The thermal analysis of polystyrene (PS), polymethyl methacrylate (PMMA), and PMMA/PS mix samples has been conducted using the DSC method. The Tg has been calculated and the changes seen in mixing PMMA and PS have been interpreted. When PMMA and PS are blended, the Tg of PS changes and the appearance of a single peak demonstrates that the two polymers are miscible. The synthesis of PMMA/PS blend was further confirmed by DSC plots, which revealed a considerable shift in thermal behavior. The DSC analysis of PMMA, PS and blend of PMMA/PS films made with various weight percentage (wt.%) ratios is presented in this work. The DSC test depicts the miscibility behavior of polymer blends and composites by monitoring the glass transition temperature for all blend ratios utilized for PMMA:PS (80:20, 60:40, 50:50, 60:40, and 20:80). Analysis by Akahira et al.17 shows that the morphological structure of PMMA, PS and PMMA/PS blends are impacted by the glass transition behavior of the polymer systems. In PMMA and PS blends, the Tg of PS increases as the percentage of PS in these blends decreases. When the amorphous component in the composition changes, results show that Tg mainly depends on the physical state of the semi-crystalline domains in the composition. Combining polymers alters their thermal diffusivity, capacity, density, thermal conductivity and specific heat in dramatic ways.18,19,20

Theory

Many approaches have been devised to analyze the crystallization process; most of them use Kolmogorov, Johnson, Mehl, and Avrami’s (KJMA) transformation rate equation.10 This equation is obtained through isothermal tests and is written as Eq. 1:

$$ \frac{{{\text{d}}\alpha }}{{{\text{d}}t}} = nK\left( {1 - \alpha } \right)\left[ { - \ln \left( {1 - \alpha } \right)} \right]^{{\left( {1 - n} \right)/n}}, $$
(1)

where α is the Avrami exponent (also known as growth exponent), and K is the rate constant in the form of Arrhenius temperature at a particular time K(T). The rate constant is calculated as follows:

$$ K\left( T \right) = k_{0} \;{\text{exp}}\left( {\frac{ - E}{{RT}}} \right), $$
(2)

where the pre-exponential factor is k0, the activation energy is E, and the universal gas constant is R.

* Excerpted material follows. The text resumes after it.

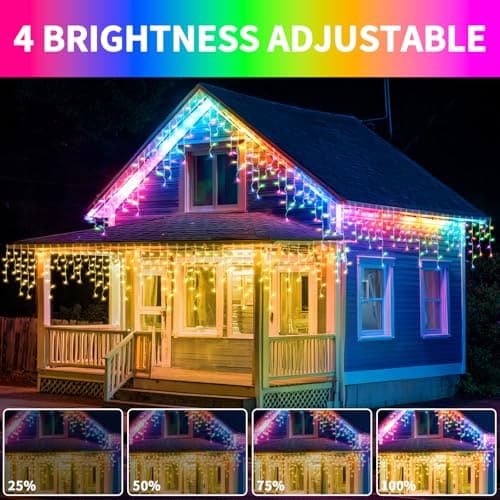 Solar Powered Icicle Lights Outdoor Christmas - 660LED 66+16FT Icicle String Lights with Remote, 8 Modes, Timer,IP65 Waterproof Rechargeable Battery for Porch, Roof, Xmas (Multicolor+Warm White) - Thumbnail 4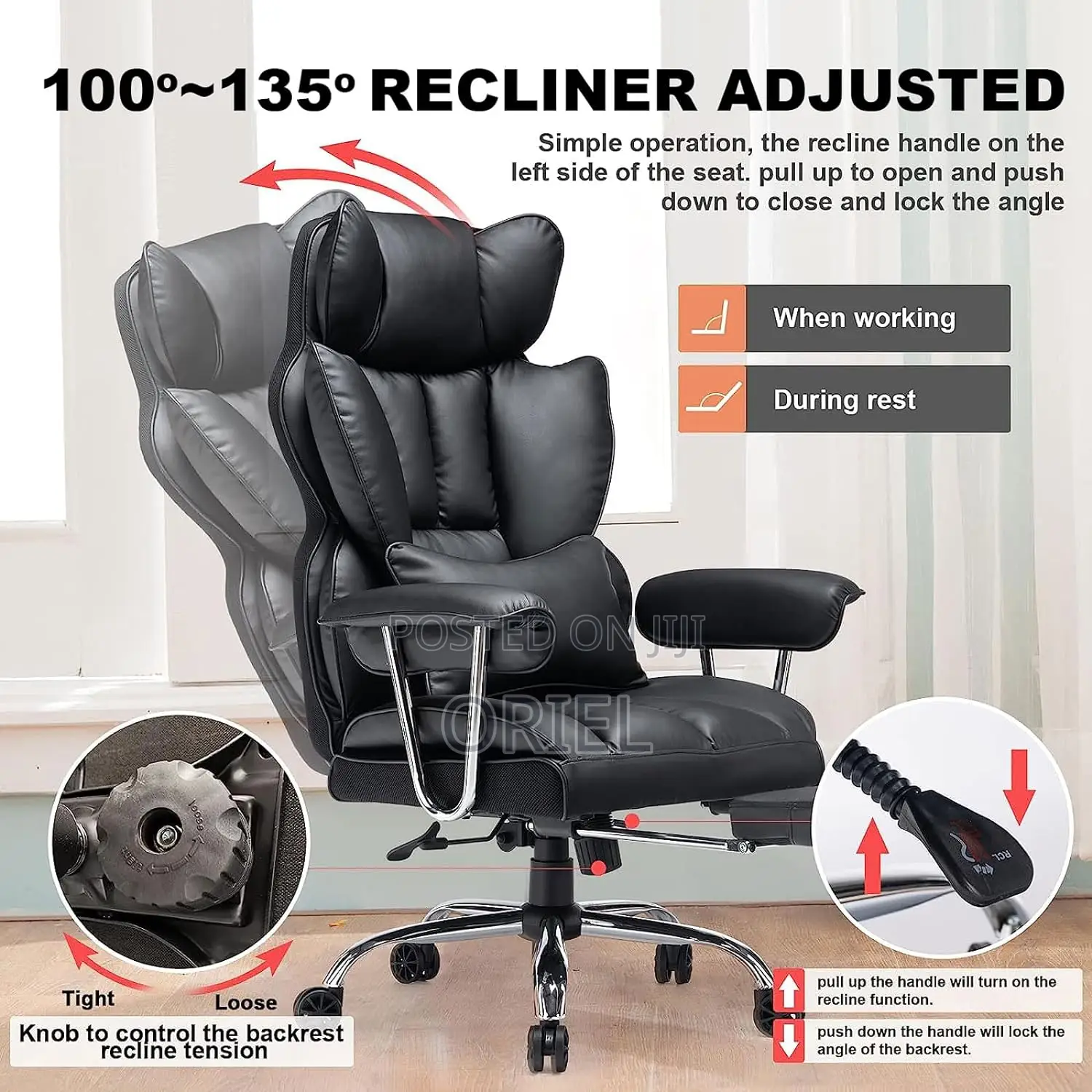 Office Chair Executive Leather Office High-Back Chair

For reactions associated with linear growth exposed to various circumstances, the KJMA rate in Eq. 2, based on several key assumptions, seems to be valid.21

Experimental Set-Up

Synthesis of Membrane

Polymer and pre-polymer were dissolved in a suitable solution. The pure polymeric films of PMMA and PS and the blend membrane films of PMMA/PS were prepared by the solution casting method, which is shown in Fig. 1.5,6,7,22,23 A glass plate magnetic stirrer was used for solution casting of dichloromethane onto the majority of the blend films.

Fig. 1
figure 1

Synthesis of polymer blend membranes by solution casting method.

To obtain a homogeneous solution, the solutions of PMMA and PS were individually stirred for 3 h, and then the mixture of PMMA/PS was again stirred for 24 h at ambient temperature. On a flat-bottomed glass, the mixture was transferred, and the solvent was allowed to evaporate overnight in the system.

Characterization of Membrane

The thermal analysis and glass transition temperatures of pure and blended polymers were obtained by using a DSC-25 (TA Instruments, USA) system. Here, we scanned film at heating rates of 5°C/min, 10°C/min and 20°C/min, with accuracy of ±1 °C. The sample was heated to 160°C at 5°C/min for a scan that was used to clear the last scan's thermal history, and the same experiment was performed with 10°C/min and 20°C/min heating rates. Heat flow from 50°C to 160°C at different rates of 5°C/min, 10°C/min and 20°C/min was used to analyze specified samples. TRIOS software was used to find the glass transition temperatures and heat capacity. The glass transition temperatures and heat capacity measured by DSC 8500 were used to identify Tg, the point at which the heat capacity begins to change. Small bits of polymer thin film were cut and placed in aluminum pans. A micro weight balance was used to weigh the samples.24,25,26 The DSC experiments were conducted using polymer film samples weighing between 2.5 mg and 3.8 mg. Samples consisted of PS, PMMA, and blends of PS/PMMA polymer in weight percent ratios of 80:20, 60:40, 50:50, 40:60, and 20:80. The sample testing process was carried out three or four times, each time with a different heating rate and sample from the batch.

Results and Discussions

PMMA and PS blends were developed by modifying the molecular weights of PMMA to prevent solvent-induced crystals from forming. Two Tg overlapped in PS/PMMA immiscible blends of 93°C and 100°C. The DSC thermograms showed that the PS melting peak was not visible in these blends. At all compositions, the blend films were transparent for PS/PMMA.25,26,27 Blends were heated at a temperature up to 90°C above Tg for a week before cooling to room temperature and then quenching to see whether they were miscible at equilibrium. The films were still transparent and showed the same Tg as previously. According to these observations, all of the PS/PMMA (80:20), PS/PMMA (50:50), and PS/PMMA (40:60) blends are miscible while in equilibrium. These results are shown in Fig. 2a–g.

Fig. 2
figure 2

(a–g) DSC thermograms of pure PMMA, pure PS and blends of PS/PMMA with different heating rates.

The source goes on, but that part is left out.